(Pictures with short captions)

+ + + + +

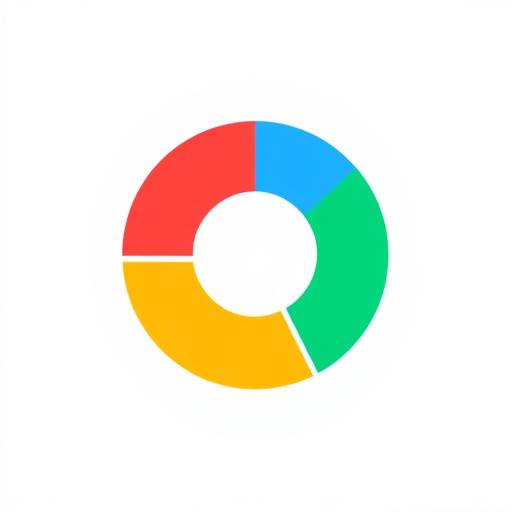 Budgeting icon: a pie chart showing income and expenses.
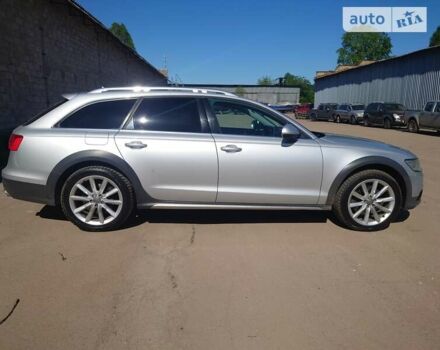 Сірий Ауді A6 Allroad, об'ємом двигуна 2.97 л та пробігом 280 тис. км за 20900 $, фото 4 на Automoto.ua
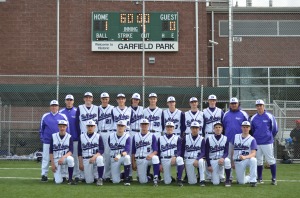 2013 Varsity team picture on Senior Day after clinching playoff spot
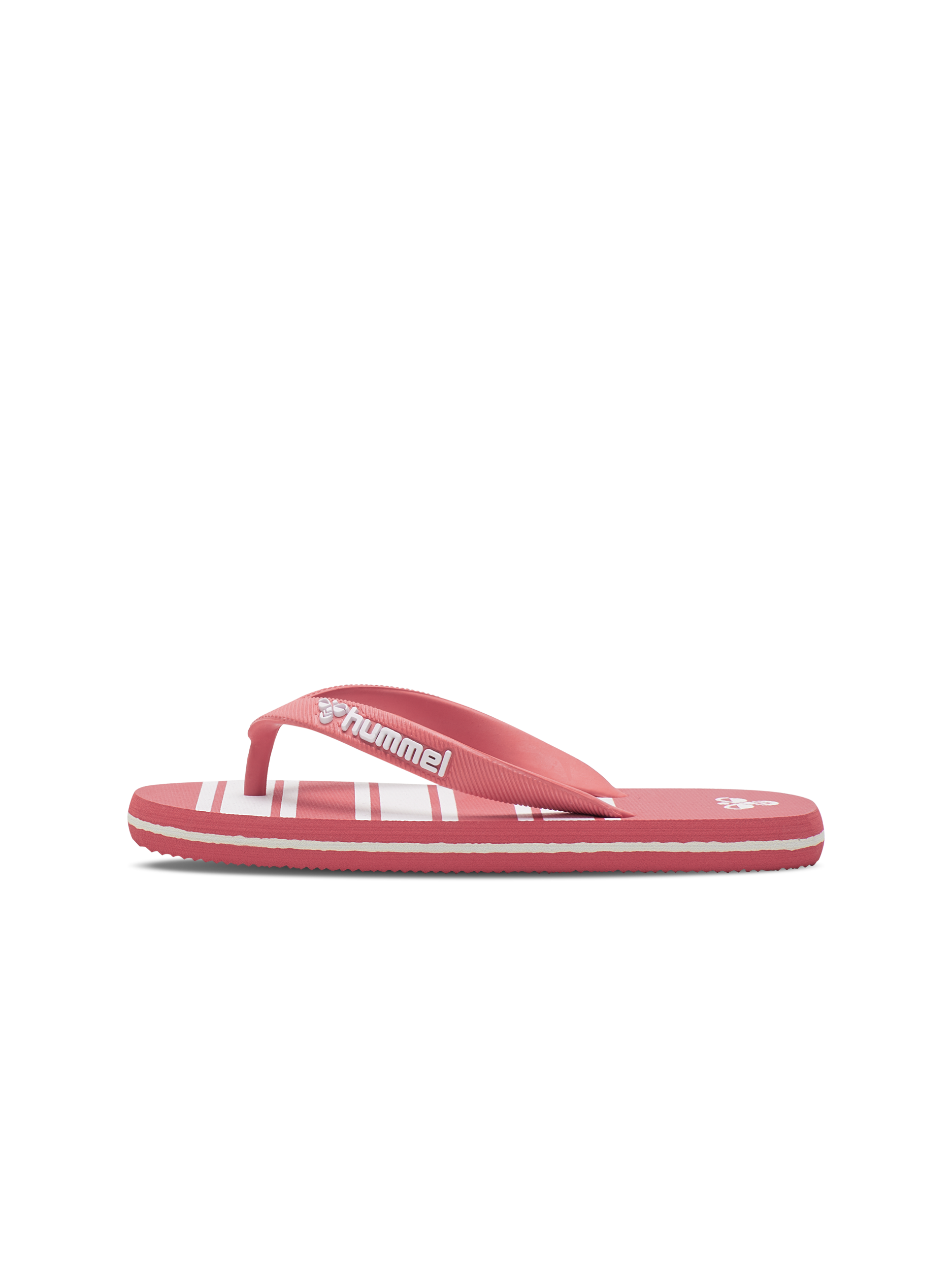 Single Pink Flip Flop Sandal Side View High Resolution PNG Illustration
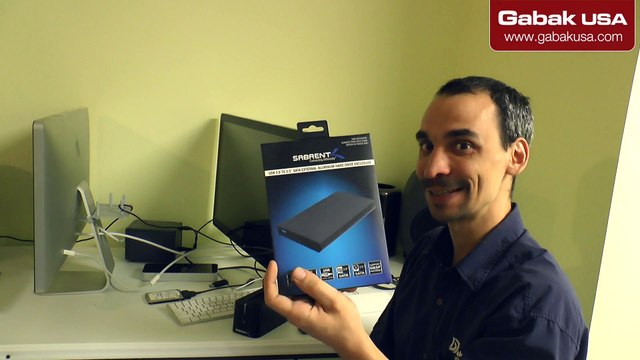 how to turn any internal HDD notebook in external hard drive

+ + + + +

### Work request
When you reach the line containing "2013 Varsity team" in the entries above, please retype it and each line after it through the last one, exactly, without the pictures.

### Result of this exercise
 2013 Varsity team picture on Senior Day after clinching playoff spot
 Single Pink Flip Flop Sandal Side View High Resolution PNG Illustration
 how to turn any internal HDD notebook in external hard drive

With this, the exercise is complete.